4. ADG Engine Methodology

To implement ADG Engine, we created algorithms that generate events for each of the data platforms: credit card transaction data, bank accounts data, health record data, telecommunication data, and social media activity data. Instead of generating data for each one individually, isolated from the other platforms, ADG Engine re-uses the same users from one platform to another to accurately match the spread of real-life users across multiple services. From another perspective, ADG Engine creates one hundred different users and generates data instances for each user on all five data platforms. The data platforms ADG Engine is working with can be described by the following qualities: the number of features The Engine track, the number of keys in the data platform, and the number of anomaly features the Engine scan for. If there should be a need to introduce a sixth data platform, it will be entirely possible to describe that data platform using these same qualities. This relationship can be seen in the block diagram shown in Figure 1.

To make the distribution of anomalies more accurate to real-life trends, we must first know the expected distribution of values. It is only in relation to the expected value that an anomalous value can be genuinely anomalous. If this distribution is constant for everyone, we simply need to specify the distribution ourselves before running ADG Engine. However, in cases where the expected outcomes vary from person to person, ADG Engine must have a way to dynamically calculate the expected distribution based on the user data. Figure 2 shows the process of data generation from the perspective of factors common to all five data platforms. For the user we are working with, ADG Engine begins by instantiating the platform profiles, one profile for each platform. Then, for each of these profiles, ADG Engine generates enough primary keys to match the requirements specified by the platform. These primary keys will be the seeds that ADG Engine will use to randomly generate the rest of the features. At the same time, ADG Engine identifies which features of the data platform are designated as anomaly features. Anomaly features are the features of the data platform that can have discernably anomalous data, and as such ADG Engine needs to determine what the expected distribution of data is. If the anomaly feature is static, ADG Engine uses a manually defined expected distribution defined ahead of time. However, if the anomaly feature is dynamic, ADG Engine generates a function that automatically calculates the expected distribution. Once the expected distribution has been determined for all anomaly features, ADG Engine has everything to create the final data platforms which will be explained in detail by the data Synthesis section.

5. Data Synthesis

When generating a given feature, it is possible to specify a sequence of weights pertaining to the expected ratio of values. Between competing mutually exclusive options, the weights describe what outcome we consider likely. For example, if a time-based feature were divided into four segments: morning, afternoon, evening, and night, then a set of four weights could describe which of those sections the event is most likely to happen in. If the event is far more likely to happen in the afternoon than anytime else, a weighting of [10, 90, 10, 10] could accurately describe the ordinary baseline.

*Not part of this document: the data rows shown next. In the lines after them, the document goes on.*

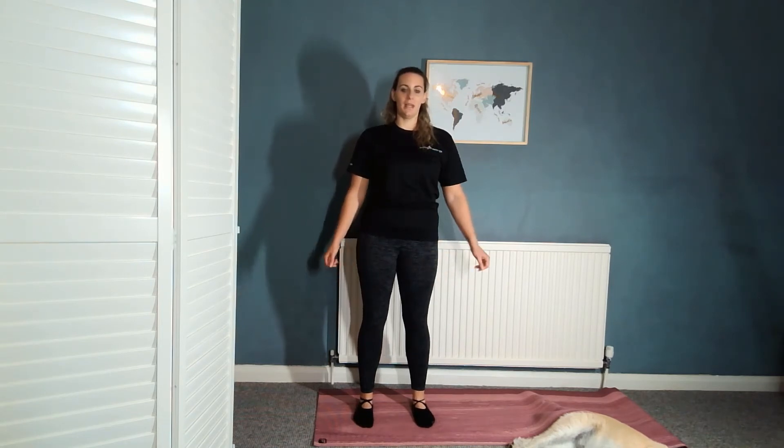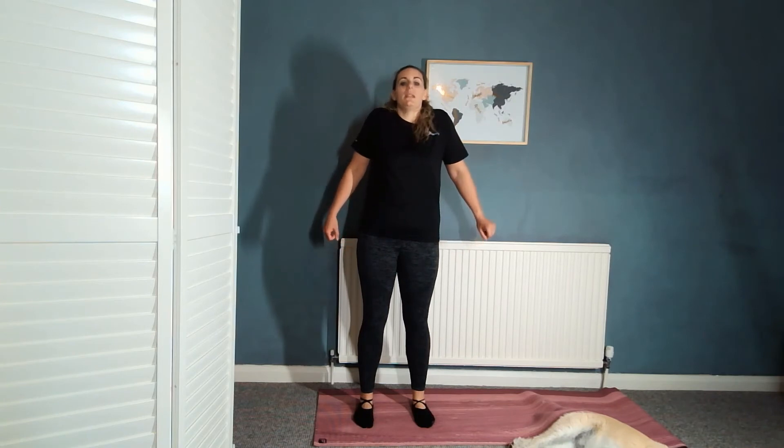On to our warm-up now. Inhale, bring those shoulders up to your ears, squeeze them, and then exhale release them down. Inhale lift, squeeze. Exhale release. One more — inhale lift, bring your shoulder blades together at the back, and exhale release down.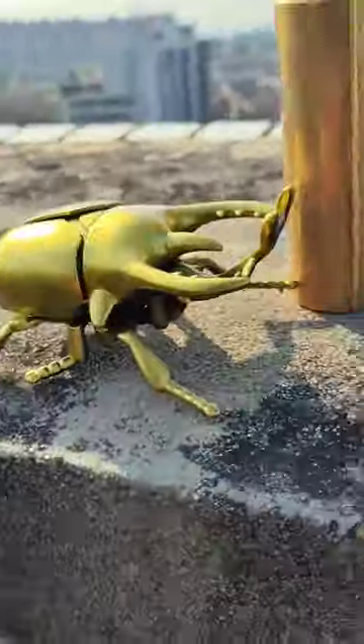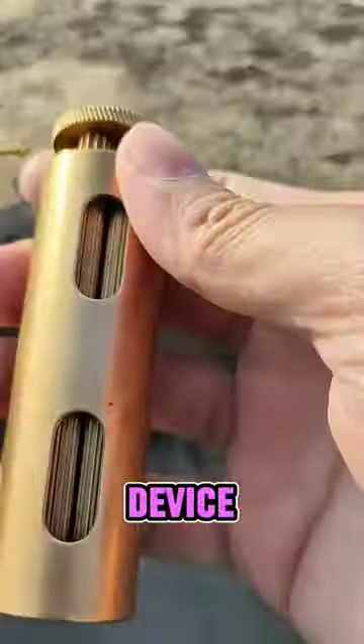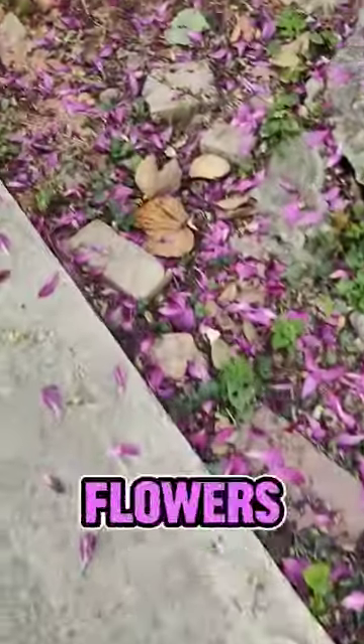What the hack is that? It is a flower packing device. Yes, it's for people who like to collect flowers.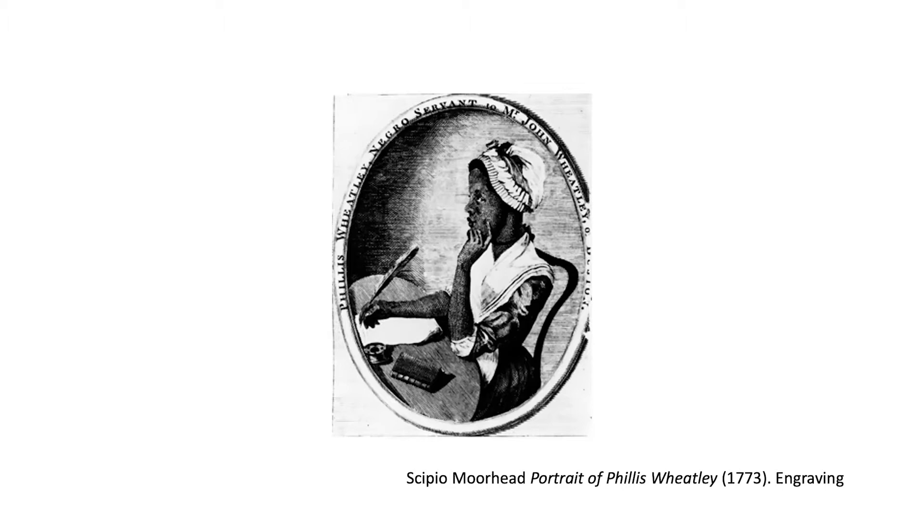I was also asked if it would be possible to show African American artists working around the era of Juneteenth — 19th century artists, especially from Texas. I'll say right up front, I'm not an art historian; I'm a studio artist. My major is in photography, but I also teach graphic design. I couldn't immediately come up with any Texan artists doing work about emancipation around the time of Juneteenth or even really before 1950.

This weightings system is configurable by the user and can be set according to whatever parameters or input data are provided to it. All that must be true is that the sequence of weights specified provides a meaningful ratio between the various categories. It is also possible to specify the ratios cumulatively rather than relatively. The sequence of relative weights [10, 90, 10, 10] can be equivalently described as [10, 100, 110, 120]. If no sequence is provided at all, the events are assumed to be of equal probability.

5.1. Choosing Features Relevant to Anomaly Detection (Anomaly Factors)

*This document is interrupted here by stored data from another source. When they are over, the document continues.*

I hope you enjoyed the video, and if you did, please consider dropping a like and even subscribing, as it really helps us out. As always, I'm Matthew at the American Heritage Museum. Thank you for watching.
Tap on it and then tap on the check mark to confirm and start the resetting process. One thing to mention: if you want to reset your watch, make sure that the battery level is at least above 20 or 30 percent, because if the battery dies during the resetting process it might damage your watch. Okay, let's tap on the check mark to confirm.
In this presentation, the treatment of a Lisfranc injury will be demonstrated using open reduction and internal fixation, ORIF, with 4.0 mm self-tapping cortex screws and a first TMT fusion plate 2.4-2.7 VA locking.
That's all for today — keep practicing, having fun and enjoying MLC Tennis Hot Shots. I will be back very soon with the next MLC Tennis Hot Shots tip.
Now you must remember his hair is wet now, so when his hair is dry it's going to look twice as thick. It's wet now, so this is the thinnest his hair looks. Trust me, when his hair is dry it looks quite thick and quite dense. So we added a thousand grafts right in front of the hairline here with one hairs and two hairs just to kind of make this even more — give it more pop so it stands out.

From the data platforms, ADG Engine needs to figure out which features are going to be useful for the task of anomaly detection. This decision is made after considering various specific factors. For instance, ADG Engine studies the data outcomes associated with the feature, and looks at how many possible results it has, and if those results correlate with user behavior in some way. These possible results could be one option from a set of possibilities or a subsection of a numeric range. ADG Engine checks if the feature has a normal routine, and if it has some kind of ratio between normal and abnormal results. If it does, if one of the possible results is more common than another, ADG Engine can label the common result as ‘normal behavior’ and the uncommon result as ‘abnormal behavior’.

The user’s personal information can be highly relevant to this endeavor, as the user’s qualities can impact the distribution of data in their observations and what trends are more normal than others. An employed person is more likely to travel on weekdays and shop outside of work hours, while a married person might see significantly different spending habits than an unmarried person. For instance, an unmarried man is unlikely to buy family-sized orders or toys for children, so transactions such as that would become abnormal.

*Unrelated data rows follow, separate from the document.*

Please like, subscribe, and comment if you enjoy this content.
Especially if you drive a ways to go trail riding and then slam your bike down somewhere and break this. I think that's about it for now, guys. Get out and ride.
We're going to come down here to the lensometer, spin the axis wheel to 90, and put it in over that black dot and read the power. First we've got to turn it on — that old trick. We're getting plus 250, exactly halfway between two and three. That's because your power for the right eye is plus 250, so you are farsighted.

5.2. Time-Based Anomaly Generation

Every data platform needs a time feature, but in ADG Engine, the time feature is also one of the main anomaly factors, as the timing of events is a common way for observations to prove unusual. To make use of this, ADG Engine begins, as shown in Figure 3, by selecting the start and end dates of the data platform, generating timestamps within that range. The default precision of the timestamps is to the minute, but it can be set to the second or the hour as needed. ADG Engine then splits up the timestamp range into two categories: weekday and weekend, and then again into four more: early morning, morning, afternoon, and evening. These divisions will allow us to correlate the time of events with a user’s other qualities such as employment status. A person who is at work during weekdays will be more likely to do their shopping and spend over the weekend while relying more on transportation at specific times during weekdays.

5.3. Numeric Based Anomaly Generation

Numeric features are used in many of ADG Engine data platforms for a variety of different purposes, including the size of a transaction, a social media post number, visit count, appointment duration, or travel time. The process of generating data for a numeric feature starts by defining the upper and lower bounds of the feature’s range and then subdividing it into smaller ranges based on the nature of the numeric feature. As an example, if we look at the features denoting the employment and marital status of the user, we can create ranges of values subdivided from the main range of permitted values, and then assign the ranges a different set of weights depending on whether the user is an employee or not and whether they’re married or not. This process can be shown in Figure 4 and is applicable broadly across our data platform. Generally speaking, it is possible to create weighted ranges of numeric values affected by any number of other features of the dataset, allowing great flexibility in numeric feature data generation.

5.4. Variable Wights and Fixed Weights

Each set of weights has a size determined by the nature of the weighted feature. For example, the time-based feature described earlier has four possible outcomes and thus four weights. However, it is possible for the number of possible outcomes to be dynamic, changing from user to user. One user may have three credit cards associated with them while another user may have four credit cards. The programmer can specify reasonable limits on the possible number of cards, such as a minimum of 2 and a maximum of 5, and with that, it becomes possible to create a set of weights for each of the possible outcomes. ADG Engine will then ensure it generates a number of credit cards that falls within the predefined boundaries, using the appropriate set of weights to generate the desired data.

6. Experiments Setup

The primary data platform contains information about each user ADG Engine track. Each row of the data platform represents an individual user. It includes the following features: Name, User ID Function, Phone Number Function, Marital Status Function, Employment Status Function, Job, Company, Social Security Number (SSN), Residence, Current Location, Blood Type, Website, Username, Sex, Address, Email, and Birth Date. Details for this data platform are shown in Figure 5.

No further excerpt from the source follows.